A security researcher from Check Point Software Technologies, Adam Donenfeld presented four rooting flaws of Android devices in Def Con Security Conference in Las Vegas on 7th August which was reported to the chipset maker company Qualcomm between February and April.
Qualcomm has addressed the vulnerabilities as high severity and released fixes for all of them. However, still many Android devices might be exposed to this vulnerability as there are many older Android devices which do not receive any firmware updates or else receive after a long delay.
Check Point Software came out with an application called QuadRooter Scanner available in Google Play that let users check if their devices are attacked by any of the four flaws.
These flaws are tracked as CVE-2016-2059, CVE-2016-2503, CVE-2016-2504 and CVE-2016-5340 which are situated in various drivers being provided by Qualcomm to the device manufacturer. Qualcomm has released the fixes for all four flaws, however, Google has distributed only three patches as of now.

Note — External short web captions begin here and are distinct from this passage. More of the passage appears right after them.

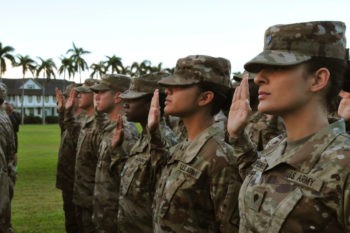 US Army Birthday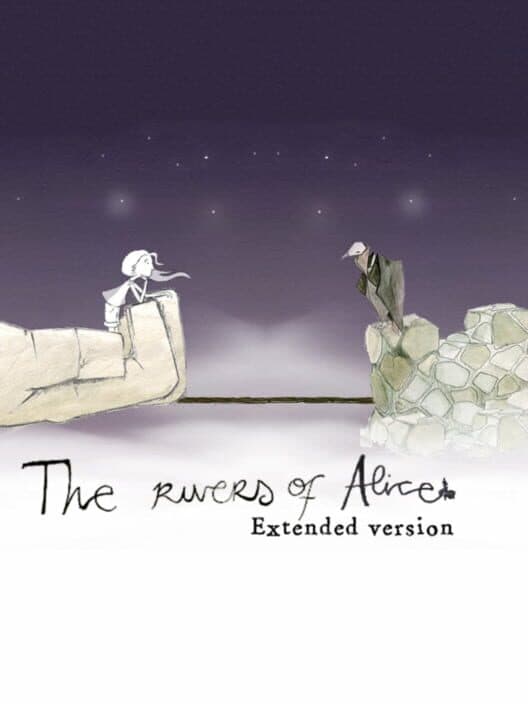 Обложка The Rivers of Alice: Extended Version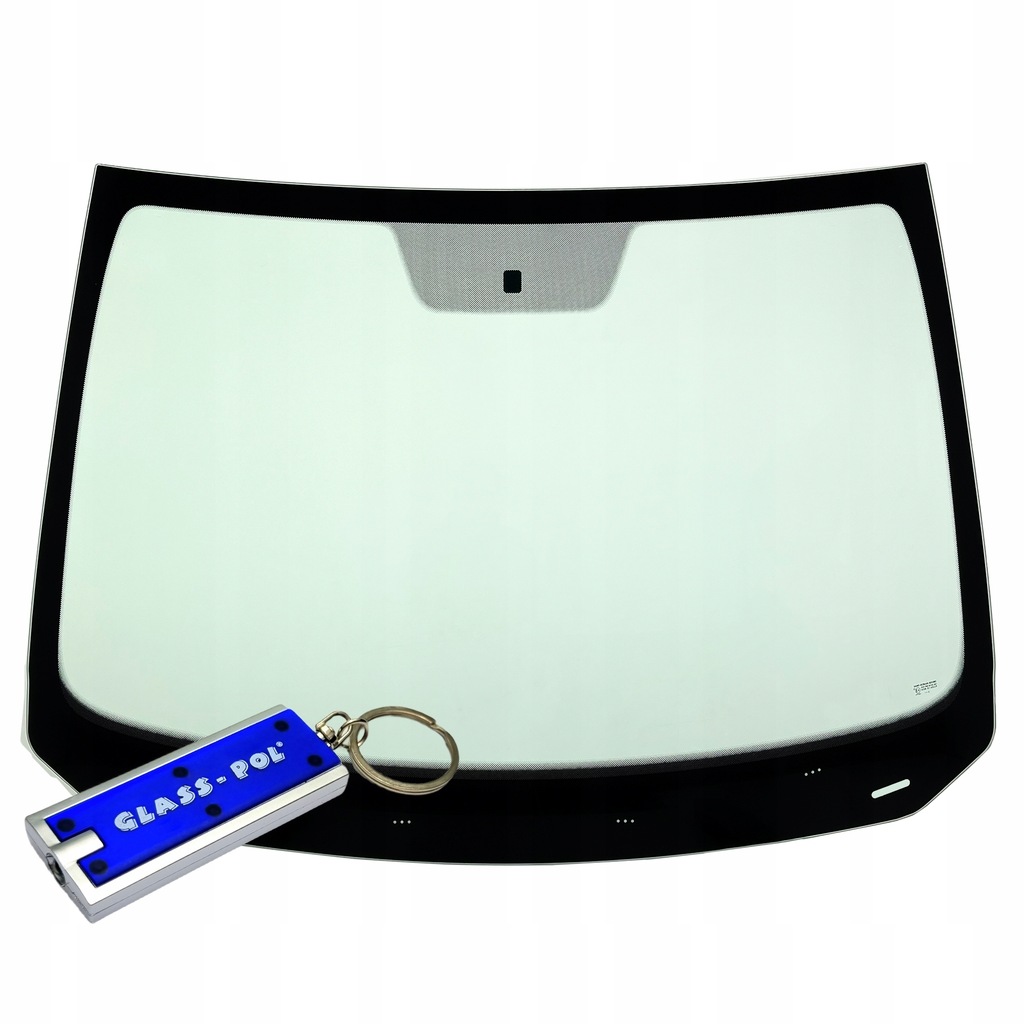 фото №1, Скло лобове передня dacia logan / dacia sandero 2013- nowa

The patch for flaw CVE-2016-5340 is still not distributed by Google. But device manufacturers can always obtain it from the Qualcomm’s open source project, Code Aurora. Google will address the fourth flaws in their upcoming Android security Bulletin.
Any exploitation of these flaws will cause the download of a malicious application in your device, according to the representative from Google. While it is also true that exploitation of any of these vulnerabilities is only possible through any rouge application but not through browsing, emailing or SMS.
While Qualcomm has identified these vulnerabilities as high severity, Google, and researcher from Check Point Software do not agree that point and they have stated the flaws as low severity. Google has also noted that the flaw CVE-2016-2059 can be allied through SELinux, even though Check Point Software does not agree this assessment from Google.